Contudo eu sou o Lavrador, tornei-me Lavrador. Quis o acaso que me visse na condição deste Lavrador frágil e vulnerável durante a produção desta peça. Um lavrador feito Orfeu, que desceu e continua a descer ao reino de Hades em busca da sua Eurídice, na ilusão de que a poderá ainda trazer de volta. Um lavrador-Orfeu a tentar com diligência adormecer Hades, Caronte e Cérbero sem sucesso. Um lavrador-Orfeu que desafia também ele as proibições e olha para trás. Nada mais parece restar senão a memória. Mas, nada, a serpente deu mesmo um golpe fatal na minha bela Eurídice.
Entre as minhas idas e vindas ao Hades tentei encontrar ânimo para sonificar esta “Letra M”.
The show must go on e a tarefa é ingrata. Hades não se comove, Caronte não adormece e Cérbero continua atento ao meu mais simples gesto. Tentam mesmo apanhar-me nos seus conluios. São insensíveis ao meu design sonoro.
Valho-me do cenário. O cenário do João Vieira, também ele desaparecido durante a produção da peça, é uma máquina sonora de valor musical inusitado. A fazer lembrar, visual e acusticamente, as conhecidas estruturas sonoras dos irmãos Baschet.
Hades volta a intrometer-se quando penso por que outros caminhos este trabalho poderia ter-se metido.

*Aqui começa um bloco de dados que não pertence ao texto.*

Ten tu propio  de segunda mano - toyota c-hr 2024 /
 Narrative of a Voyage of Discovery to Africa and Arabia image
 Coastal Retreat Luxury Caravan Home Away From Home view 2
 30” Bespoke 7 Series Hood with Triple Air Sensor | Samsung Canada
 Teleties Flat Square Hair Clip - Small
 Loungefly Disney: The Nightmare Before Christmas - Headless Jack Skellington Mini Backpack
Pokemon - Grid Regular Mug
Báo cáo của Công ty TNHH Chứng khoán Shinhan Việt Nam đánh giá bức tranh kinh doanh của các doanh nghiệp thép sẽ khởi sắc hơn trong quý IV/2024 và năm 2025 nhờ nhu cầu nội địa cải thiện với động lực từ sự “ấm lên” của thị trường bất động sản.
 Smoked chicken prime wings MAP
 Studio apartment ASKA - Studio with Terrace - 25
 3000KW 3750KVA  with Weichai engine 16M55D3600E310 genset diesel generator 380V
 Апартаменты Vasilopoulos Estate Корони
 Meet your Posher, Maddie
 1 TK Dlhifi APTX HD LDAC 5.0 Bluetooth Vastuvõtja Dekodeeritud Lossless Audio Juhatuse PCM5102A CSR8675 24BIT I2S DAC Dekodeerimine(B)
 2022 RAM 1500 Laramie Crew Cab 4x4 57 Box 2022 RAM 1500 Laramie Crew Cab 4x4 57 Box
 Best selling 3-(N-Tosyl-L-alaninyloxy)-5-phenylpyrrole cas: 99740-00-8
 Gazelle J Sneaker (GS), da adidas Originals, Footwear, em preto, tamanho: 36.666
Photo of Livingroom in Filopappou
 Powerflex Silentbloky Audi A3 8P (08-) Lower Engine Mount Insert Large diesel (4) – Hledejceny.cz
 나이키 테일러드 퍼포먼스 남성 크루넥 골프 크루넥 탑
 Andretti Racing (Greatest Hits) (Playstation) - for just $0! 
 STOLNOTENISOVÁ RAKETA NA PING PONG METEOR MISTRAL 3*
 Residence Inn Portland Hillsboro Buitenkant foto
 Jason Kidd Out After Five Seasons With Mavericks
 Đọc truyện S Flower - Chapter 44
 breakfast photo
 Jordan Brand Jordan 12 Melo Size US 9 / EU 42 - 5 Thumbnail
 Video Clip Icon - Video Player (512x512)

Estou certo que o João Vieira haveria de ter simpatizado com a ideia de os percorrermos juntos.
O som do cenário está presente, de uma forma ou de outra, de modo mais ou menos exuberante e exclusivo, em todas as intervenções sonoras que a peça contém.
Tente o espectador perceber onde começa e onde acaba o cenário desta “Letra M”. Onde jazem as fronteiras entre o visual e o acústico?
No futuro, se Hades permitir, iremos explorar as virtudes deste cenário feito de ferro, de aço e de poesia.